Next, the frames for each fixation point are extracted. The function extract_frames exports only those frames on which a fixation is detected:

if verbose:
    print('Extracting frames from video.')
extract_frames(base_path=base_path, csv_path=fixation_csv_file, video_path=video_file,
               extracted_frames_path=extracted_frames_path, stop_frame=stop_frame, verbose=verbose)

Then the main function for annotating the frames using late fusion of YOLO and Mask2Former is predict_annotation:

extracted_data = predict_annotation(base_path=base_path, fixation_path=fixation_csv_file,
                                    frame_path=extracted_frames_path, savefig_path=fig_path,
                                    create_sequence_images=True, verbose=verbose)

This function creates a new folder with the annotated frames as .png files and a CSV file containing the following columns: frame_number, point_x, point_y, yolo_label, segmentation_label, bounding_box_max_iou, yolo_conf, max_iou_box_area_ratio, and mask_coverage.

You can use create_video function to stitch back the annotated frames to have a cool video like this!
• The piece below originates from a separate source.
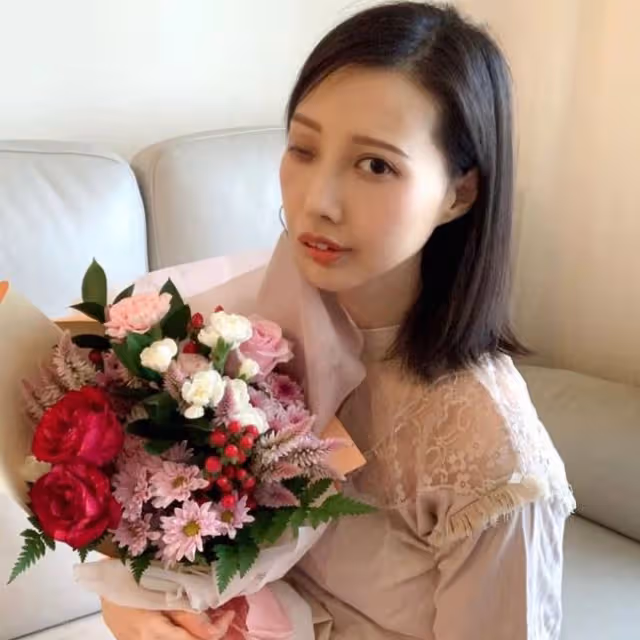 41歲女星抗癌4年病情好轉!曾經歷38次放療化療,為保命切除子宮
A Simple Guideline for Selecting the Final Label

This is a general recommendation that you can follow while having the output ready:

  • If the yolo_label and the segmentation_label agree, then just select one.
  • If either the yolo_label or thesegmentation_label exists, choose the existing one.
  • If the yolo_label and the segmentation_label disagree:
    • If there are specific objects of interest (e.g., tablet, cell phone, laptop), create a list of these items. If either model predicts an object from this list, retain that prediction.
    • If the predicted label is not in the list of items you are interested in, apply thresholding: for example, If mask_coverage is above 70% and yolo_conf is higher than 70%, choose YOLO’s prediction.
priority_objects = ["tablet", "cell phone", "laptop"]
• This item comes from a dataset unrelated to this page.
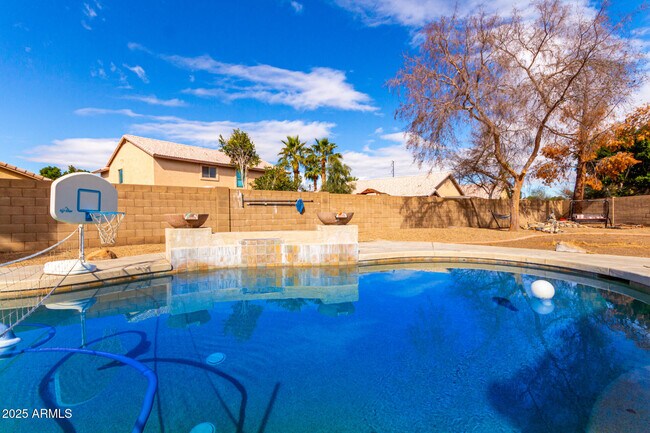 Building Photo - 8812 N 67th Dr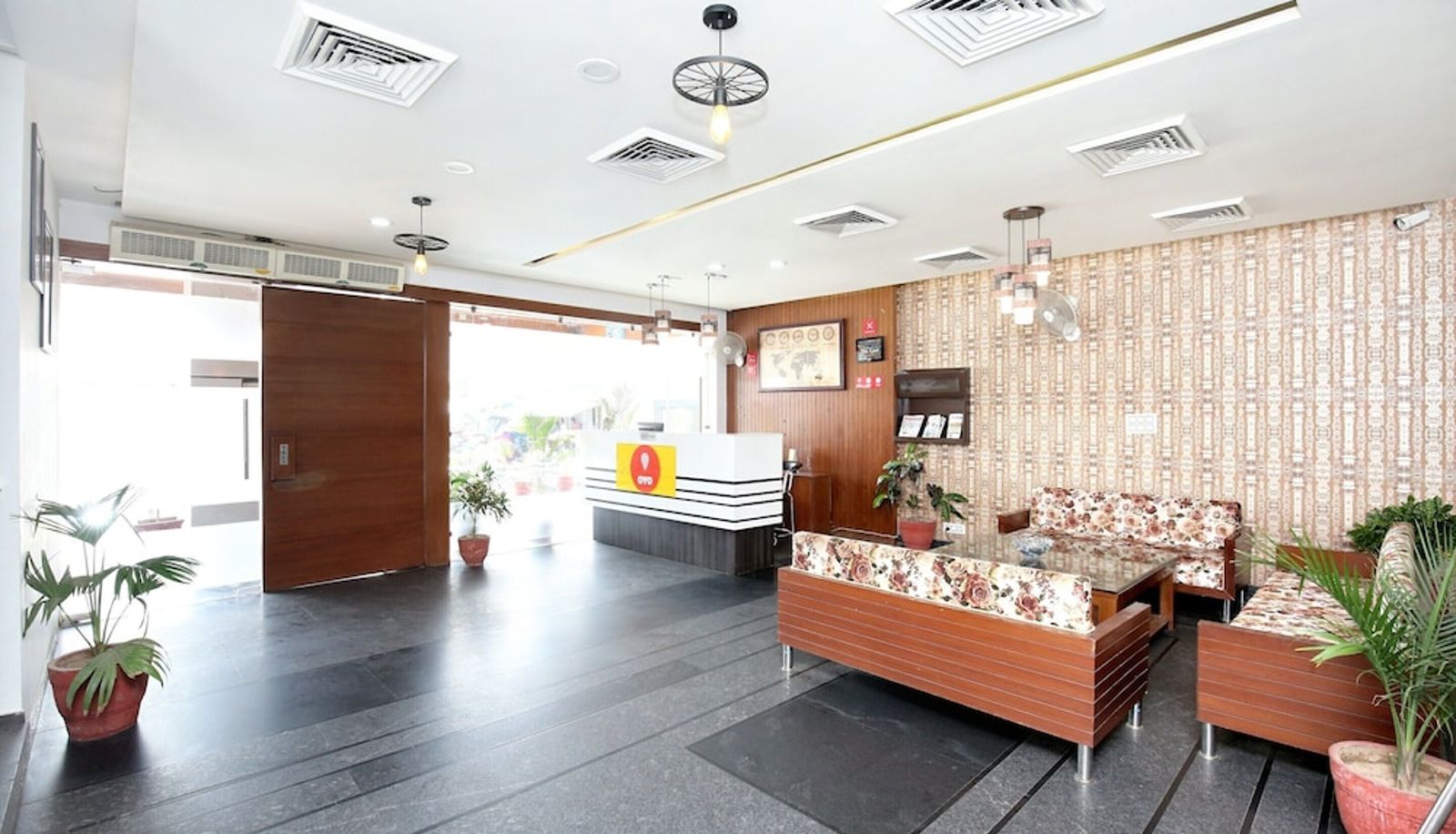 Receptie - OYO 7100 Hotel Crossroads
def select_final_label(yolo_label, segmentation_label, yolo_conf, mask_coverage):
    # Check if both labels agree
    if yolo_label == segmentation_label:
        return yolo_label

    # Check if either label exists
    if yolo_label and not segmentation_label:
        return yolo_label
    if segmentation_label and not yolo_label:
        return segmentation_label

    # Check if the object is in the priority list
    if yolo_label in priority_objects:
        return yolo_label
    if segmentation_label in priority_objects:
        return segmentation_label

    # Apply thresholding if the label is not in the priority list
    if mask_coverage > 0.7 and yolo_conf > 0.7:
        return yolo_label

    # Default to segmentation label if no other conditions are met
    return segmentation_label